- Task: For this listing, the lines between the one holding "Trimming Techniques for" and the one holding "Dubai’s Celebrity Secrets: The", inclusive, must be set down exactly.

- Recorded information:
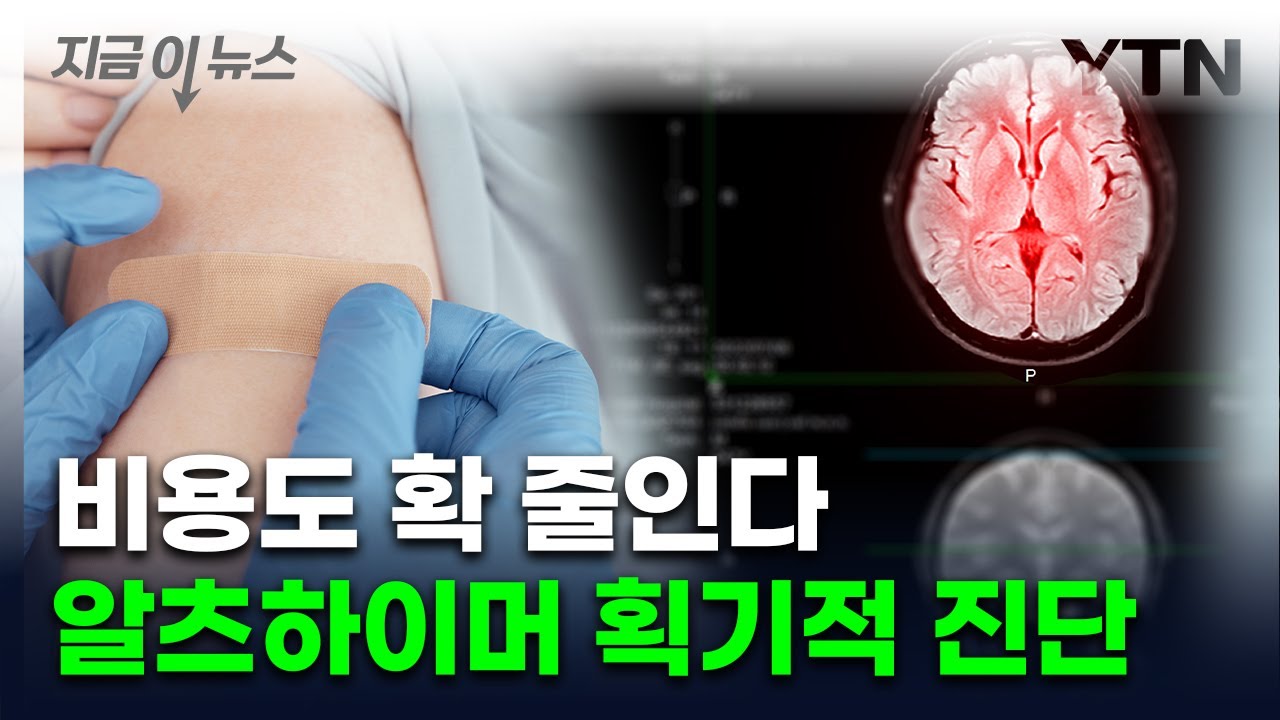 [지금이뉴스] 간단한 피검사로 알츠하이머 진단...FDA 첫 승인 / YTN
==
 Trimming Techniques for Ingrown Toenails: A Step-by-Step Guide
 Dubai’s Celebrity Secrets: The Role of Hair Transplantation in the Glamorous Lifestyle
...
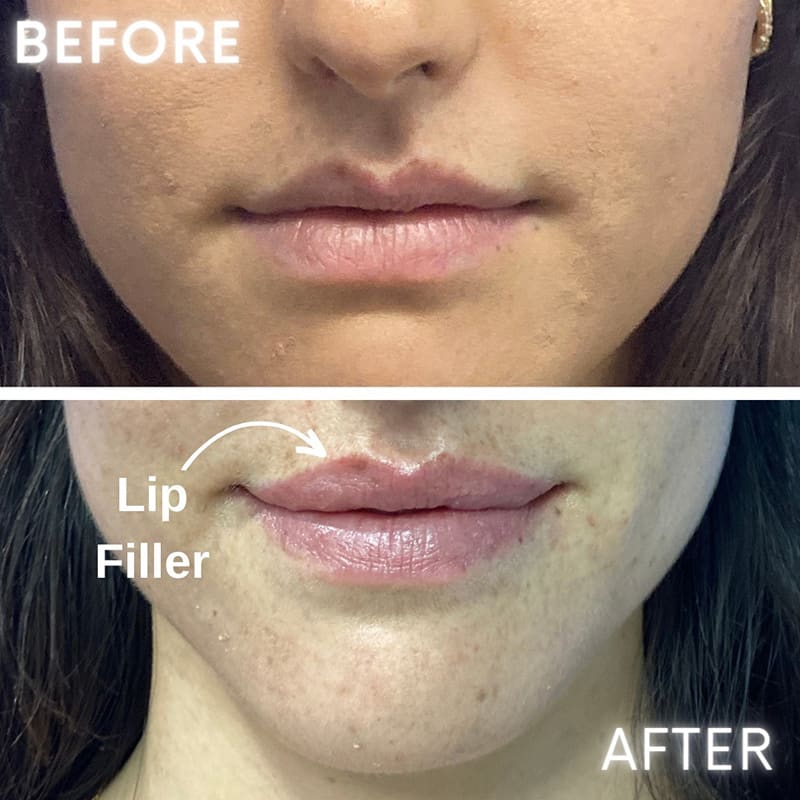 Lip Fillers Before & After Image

- Task response:
 Trimming Techniques for Ingrown Toenails: A Step-by-Step Guide
 Dubai’s Celebrity Secrets: The Role of Hair Transplantation in the Glamorous Lifestyle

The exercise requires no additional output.